Task instructions:
Locate the line that contains "Pronájem bytu 3+1 75 m² – další", then copy it and all later lines of the data below exactly, through the last one.

>>>

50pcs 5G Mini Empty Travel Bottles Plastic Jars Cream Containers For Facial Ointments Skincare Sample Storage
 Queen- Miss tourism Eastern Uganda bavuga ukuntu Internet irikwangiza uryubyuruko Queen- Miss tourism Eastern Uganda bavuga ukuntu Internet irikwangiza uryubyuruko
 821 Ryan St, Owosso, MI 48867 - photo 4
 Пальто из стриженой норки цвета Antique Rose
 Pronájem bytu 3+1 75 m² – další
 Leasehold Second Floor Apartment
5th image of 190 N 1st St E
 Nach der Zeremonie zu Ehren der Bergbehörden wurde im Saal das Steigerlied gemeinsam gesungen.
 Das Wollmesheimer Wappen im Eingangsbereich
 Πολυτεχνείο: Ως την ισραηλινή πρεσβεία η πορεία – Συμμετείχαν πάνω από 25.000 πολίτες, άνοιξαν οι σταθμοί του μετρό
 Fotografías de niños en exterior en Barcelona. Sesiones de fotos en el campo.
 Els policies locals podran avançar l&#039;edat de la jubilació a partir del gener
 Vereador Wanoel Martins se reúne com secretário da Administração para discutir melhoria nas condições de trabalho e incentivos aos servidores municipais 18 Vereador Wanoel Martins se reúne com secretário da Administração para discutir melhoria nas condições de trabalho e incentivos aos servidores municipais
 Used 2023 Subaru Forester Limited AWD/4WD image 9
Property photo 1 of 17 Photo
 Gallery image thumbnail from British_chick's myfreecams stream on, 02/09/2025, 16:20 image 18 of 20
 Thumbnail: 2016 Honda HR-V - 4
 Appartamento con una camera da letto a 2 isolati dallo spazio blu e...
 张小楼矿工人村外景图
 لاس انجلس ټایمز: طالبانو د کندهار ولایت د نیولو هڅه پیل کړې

<<<

Response to the task:
 Pronájem bytu 3+1 75 m² – další
 Leasehold Second Floor Apartment
5th image of 190 N 1st St E
 Nach der Zeremonie zu Ehren der Bergbehörden wurde im Saal das Steigerlied gemeinsam gesungen.
 Das Wollmesheimer Wappen im Eingangsbereich
 Πολυτεχνείο: Ως την ισραηλινή πρεσβεία η πορεία – Συμμετείχαν πάνω από 25.000 πολίτες, άνοιξαν οι σταθμοί του μετρό
 Fotografías de niños en exterior en Barcelona. Sesiones de fotos en el campo.
 Els policies locals podran avançar l&#039;edat de la jubilació a partir del gener
 Vereador Wanoel Martins se reúne com secretário da Administração para discutir melhoria nas condições de trabalho e incentivos aos servidores municipais 18 Vereador Wanoel Martins se reúne com secretário da Administração para discutir melhoria nas condições de trabalho e incentivos aos servidores municipais
 Used 2023 Subaru Forester Limited AWD/4WD image 9
Property photo 1 of 17 Photo
 Gallery image thumbnail from British_chick's myfreecams stream on, 02/09/2025, 16:20 image 18 of 20
 Thumbnail: 2016 Honda HR-V - 4
 Appartamento con una camera da letto a 2 isolati dallo spazio blu e...
 张小楼矿工人村外景图
 لاس انجلس ټایمز: طالبانو د کندهار ولایت د نیولو هڅه پیل کړې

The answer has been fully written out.